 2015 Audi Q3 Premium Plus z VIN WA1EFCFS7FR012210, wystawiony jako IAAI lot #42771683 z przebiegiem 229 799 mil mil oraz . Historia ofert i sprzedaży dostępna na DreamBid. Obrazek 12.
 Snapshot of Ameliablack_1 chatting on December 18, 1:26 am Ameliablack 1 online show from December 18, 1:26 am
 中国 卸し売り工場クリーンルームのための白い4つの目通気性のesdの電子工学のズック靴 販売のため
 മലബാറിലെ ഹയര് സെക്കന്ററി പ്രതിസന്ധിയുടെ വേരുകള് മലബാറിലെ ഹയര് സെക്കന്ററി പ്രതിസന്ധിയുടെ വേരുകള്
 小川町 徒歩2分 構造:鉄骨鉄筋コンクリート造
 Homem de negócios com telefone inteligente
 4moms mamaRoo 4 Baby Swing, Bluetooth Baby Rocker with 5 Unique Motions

---*---

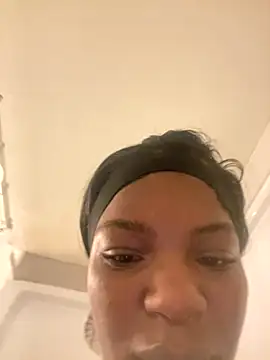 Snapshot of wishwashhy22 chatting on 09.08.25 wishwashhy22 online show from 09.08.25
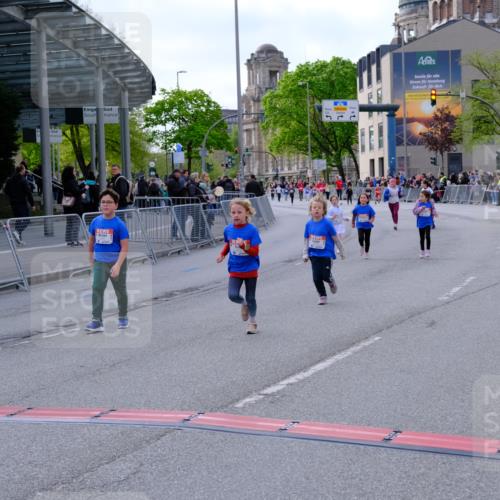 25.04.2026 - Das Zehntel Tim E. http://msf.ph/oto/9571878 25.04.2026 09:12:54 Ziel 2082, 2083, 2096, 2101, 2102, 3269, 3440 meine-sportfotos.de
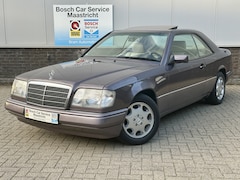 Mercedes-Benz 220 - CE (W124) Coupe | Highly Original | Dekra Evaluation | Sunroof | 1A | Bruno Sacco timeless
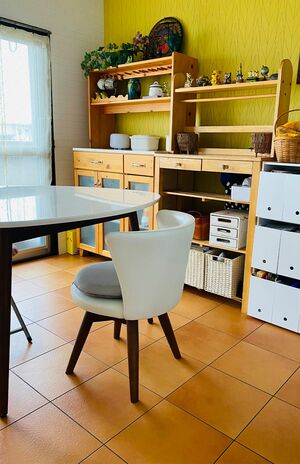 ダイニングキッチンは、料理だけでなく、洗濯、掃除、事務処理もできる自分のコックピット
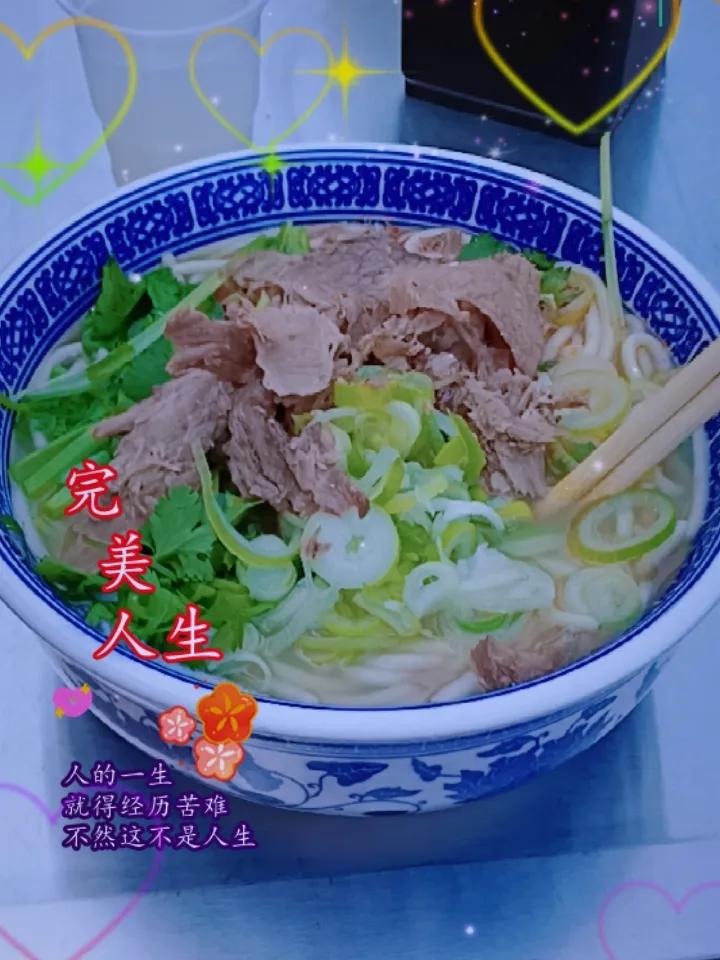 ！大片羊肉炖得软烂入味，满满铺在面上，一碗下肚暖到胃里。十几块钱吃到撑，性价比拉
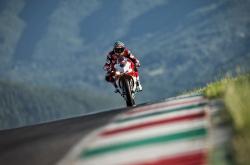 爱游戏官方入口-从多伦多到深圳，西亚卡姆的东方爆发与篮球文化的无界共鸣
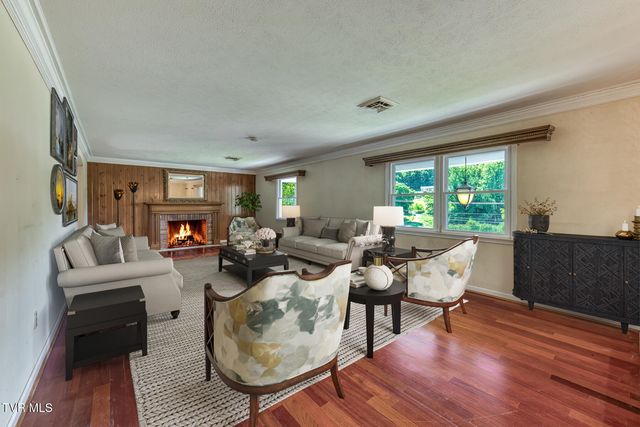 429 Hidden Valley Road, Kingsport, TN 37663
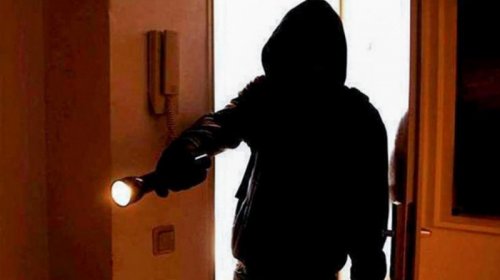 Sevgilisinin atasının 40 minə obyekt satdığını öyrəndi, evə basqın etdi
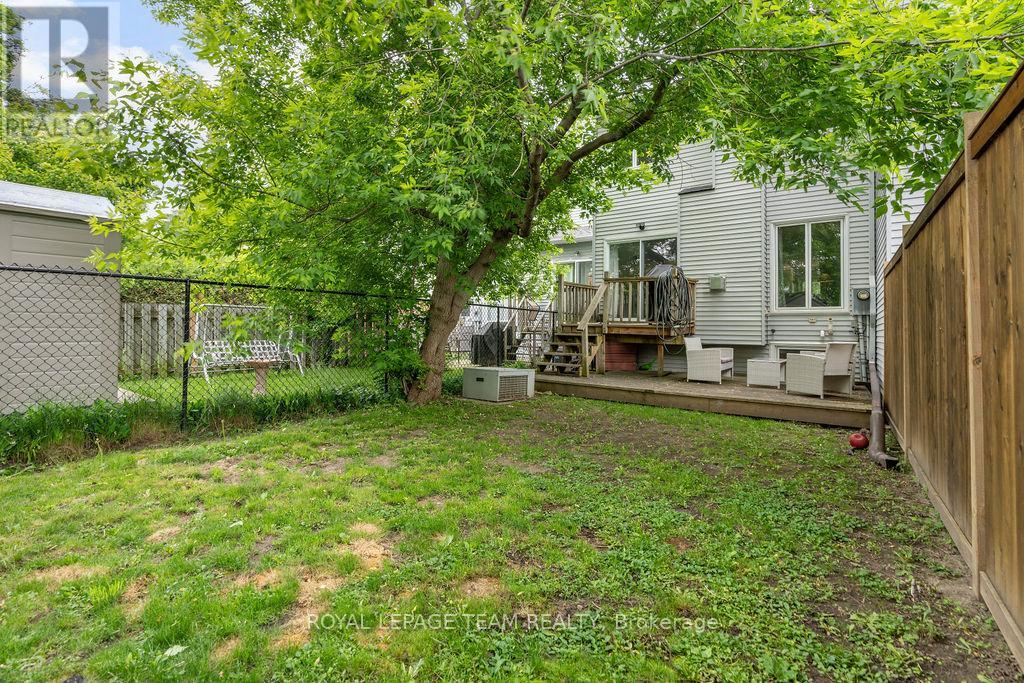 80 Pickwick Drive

---*---

▶ Task item:
Set down, exactly as they appear above, all lines from the one that has "മലബാറിലെ ഹയര് സെക്കന്ററി പ്രതിസന്ധിയുടെ വേരുകള് മലബാറിലെ" down to the one that has "4moms mamaRoo 4", including those two and no others.

▶ Your solution:
 മലബാറിലെ ഹയര് സെക്കന്ററി പ്രതിസന്ധിയുടെ വേരുകള് മലബാറിലെ ഹയര് സെക്കന്ററി പ്രതിസന്ധിയുടെ വേരുകള്
 小川町 徒歩2分 構造:鉄骨鉄筋コンクリート造
 Homem de negócios com telefone inteligente
 4moms mamaRoo 4 Baby Swing, Bluetooth Baby Rocker with 5 Unique Motions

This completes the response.